EXERCISE INSTRUCTIONS: The required output is an exact copy of the lines from the one containing "Purifying Shampoo with" through the end of the entries below, with pictures removed.

DATA SHOWN:
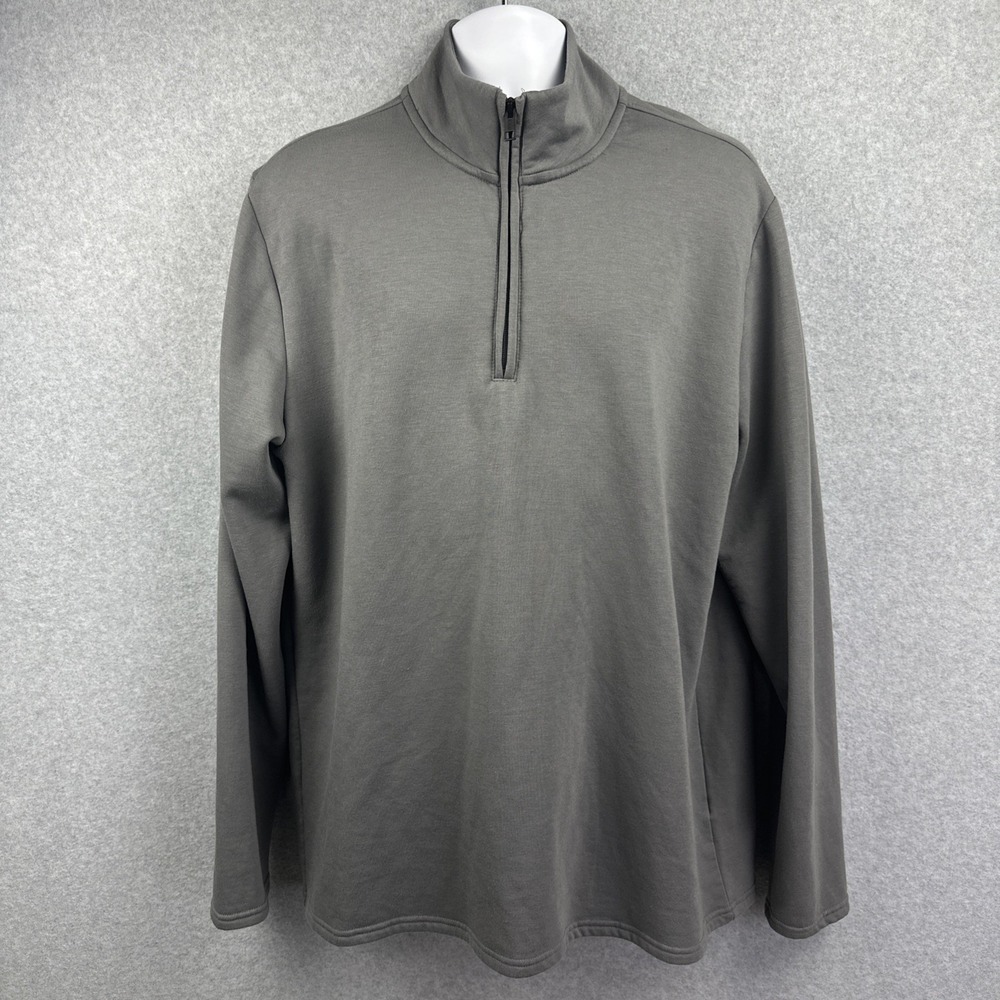 Weatherproof Original Vintage‎ 1/4 Zip Sweatshirt Size XL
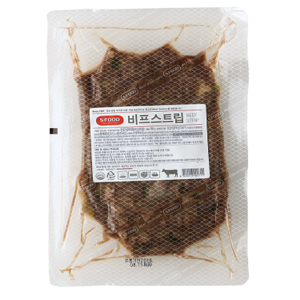 회원용(당일발송) 비프스트립500g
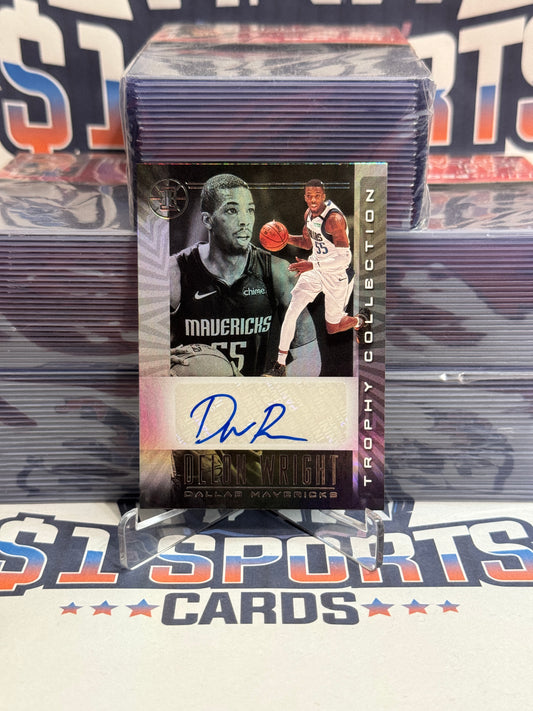 2019 Panini Illusions (Trophy Collection Auto) Delon Wright #TC-DLW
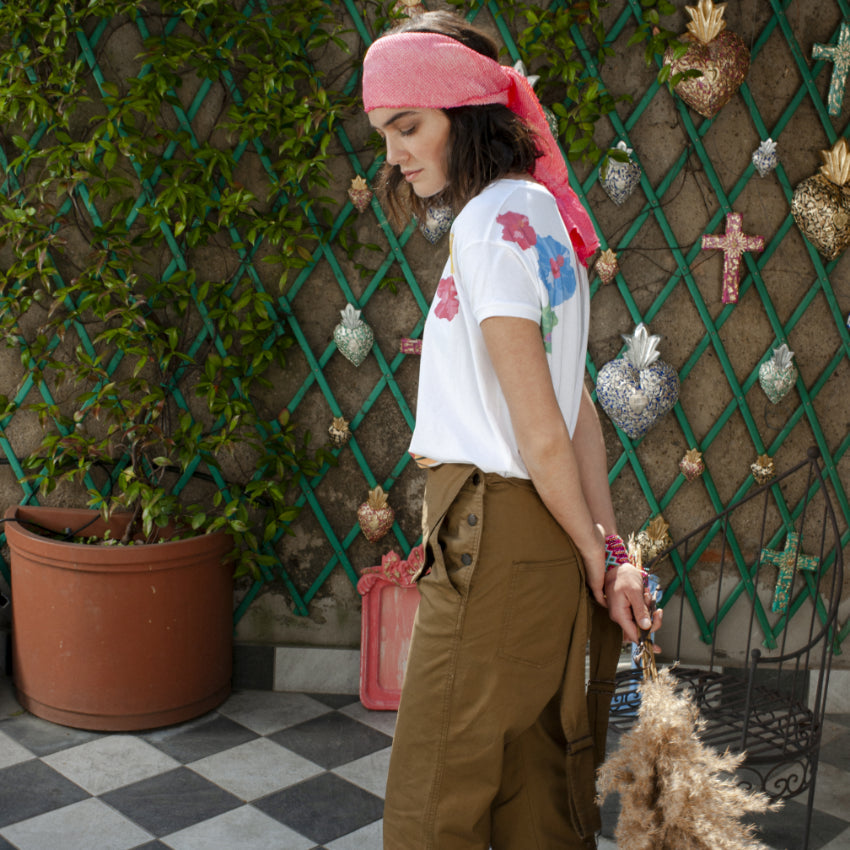 T-Shirt "Pappagallo"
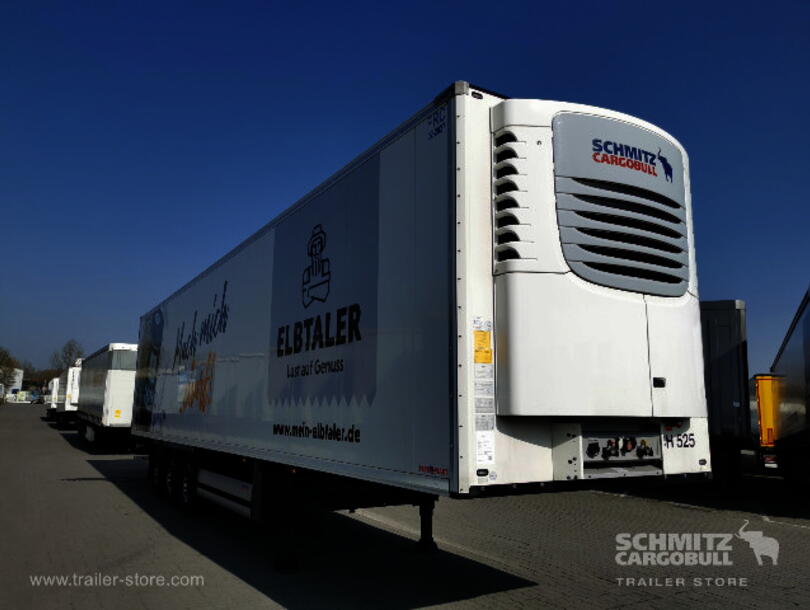 Schmitz Cargobull - низкотемпературный рефрижератор Cтандарт Изо/термо кузов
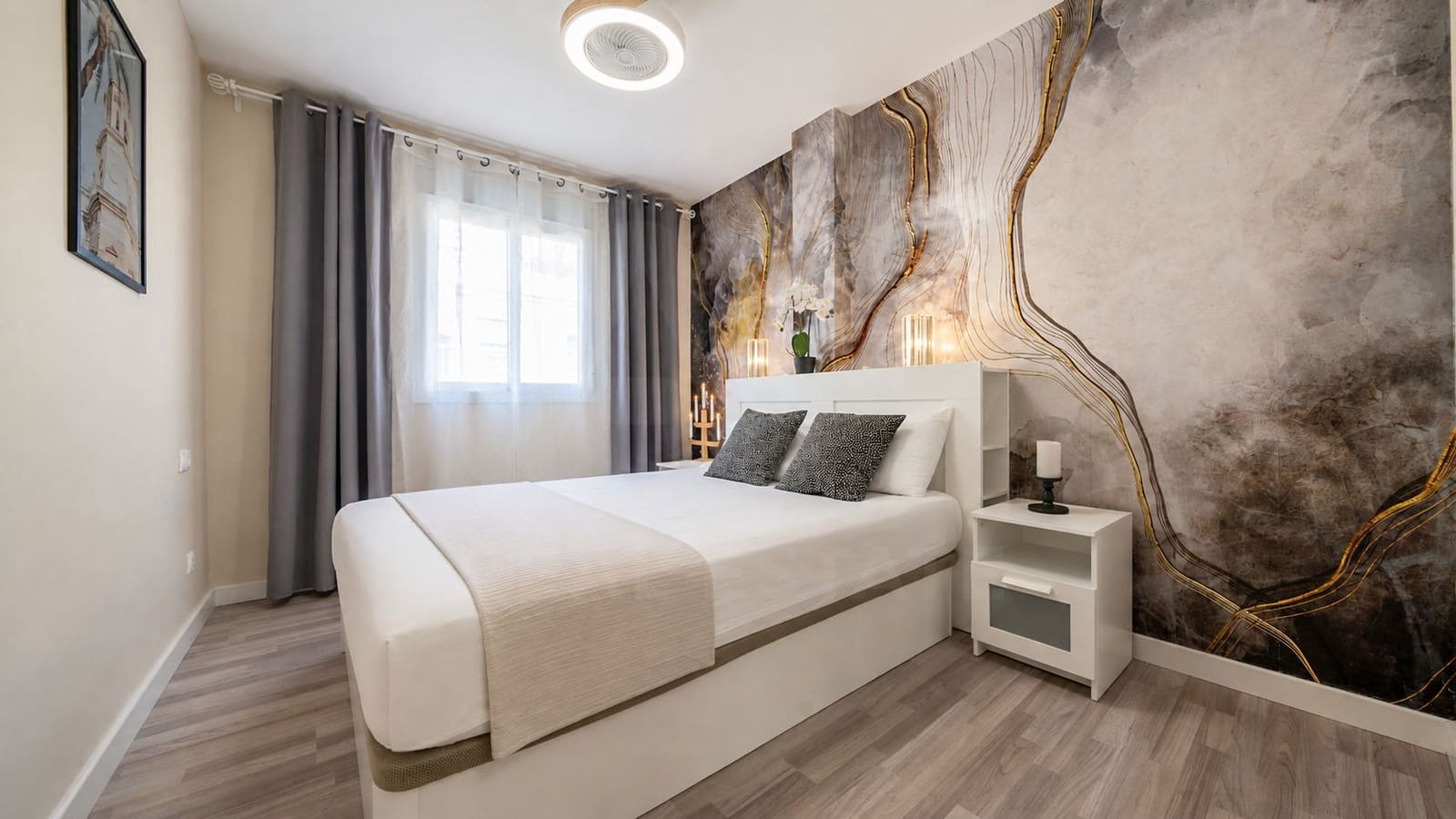 3 sovrum Lägenhet till salu i Malaga stad med garage - 485 000 € (Ref: 10019932)
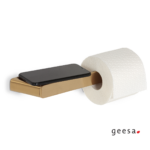 ΧΑΡΤΟΘΗΚΗ ΜΕ ΕΤΑΖΕΡΑ SHIFT GEESA BRUSHED GOLD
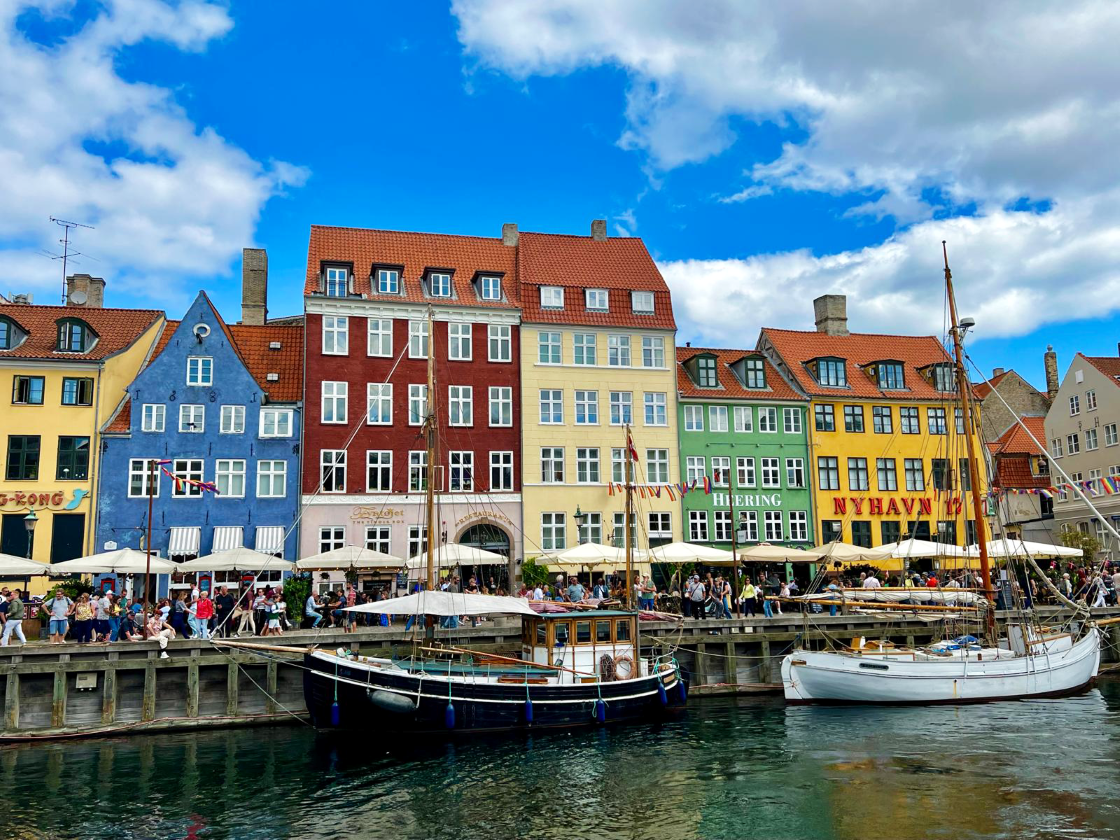  Iconic building landmark in Copenhagen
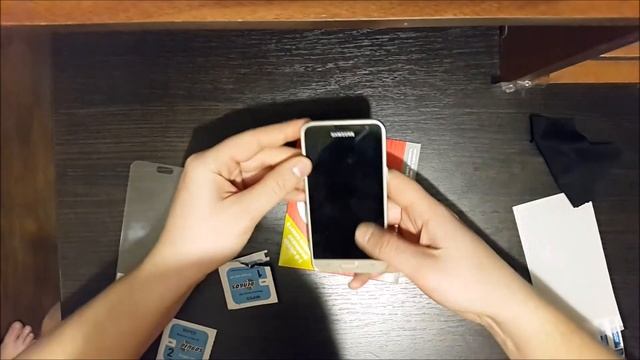 Samsung Galaxy J3 j320 поклейка защитного стекла смотреть онлайн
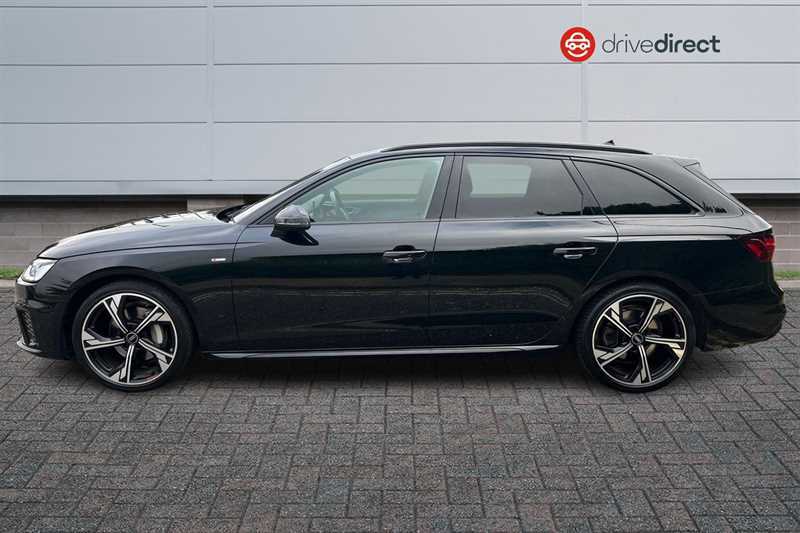 Audi A4 Avant 2.0 Tdi 40 Black Edition Estate S Troni Black #6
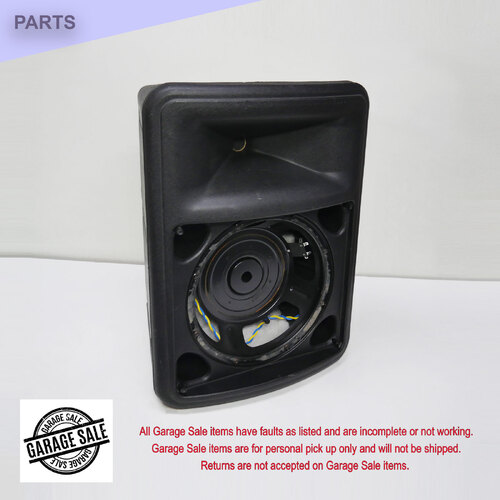Peavey Impulse 100 Passive Speaker Box - Woofer requires recone/replacement  (garage item)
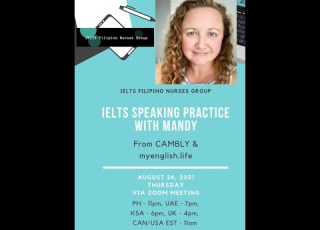  FREE IELTS SPEAKING ASSESSMENT WITH MANDY FROM CAMBLY AND MY ENGLISH WITH MANDY AND YUMIKO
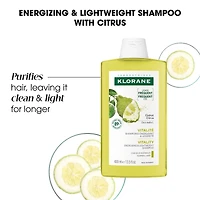 Purifying Shampoo with Citrus Pulp - Normal to Oily Hair - Purifying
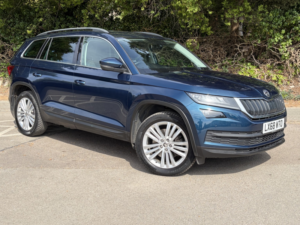 2018 Skoda Kodiaq 2.0 Tsi Se L in Blue — image 2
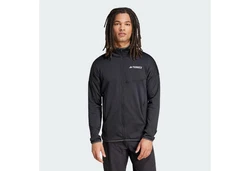 adidas TERREX Fleecejacke XPERIOR CLIMAWARM Schwarz/Hellgrau/Dunkelgrau/Hellblau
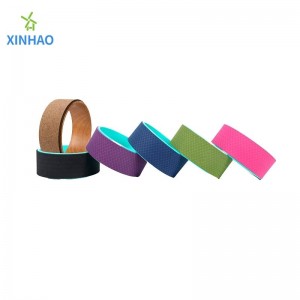 Vattentät och icke-halk TPE Yoga Wheel Wholesale 33x12.5cm (13x5 \\\\ \\\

ANSWER AREA:
 Purifying Shampoo with Citrus Pulp - Normal to Oily Hair - Purifying
 2018 Skoda Kodiaq 2.0 Tsi Se L in Blue — image 2
 adidas TERREX Fleecejacke XPERIOR CLIMAWARM Schwarz/Hellgrau/Dunkelgrau/Hellblau
 Vattentät och icke-halk TPE Yoga Wheel Wholesale 33x12.5cm (13x5 \\\\ \\\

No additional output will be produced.